To do
Nothing outside the range below should be printed. Output exactly the lines from the line with "Dekoria Gyertya Dorotea" to the line with "Victoria United vs Canon", both included.

Data to examine
···
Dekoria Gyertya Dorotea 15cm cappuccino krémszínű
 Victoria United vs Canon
···
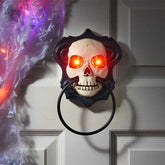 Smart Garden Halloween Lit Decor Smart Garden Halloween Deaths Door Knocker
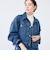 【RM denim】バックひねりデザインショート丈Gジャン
···
Written response
Dekoria Gyertya Dorotea 15cm cappuccino krémszínű
 Victoria United vs Canon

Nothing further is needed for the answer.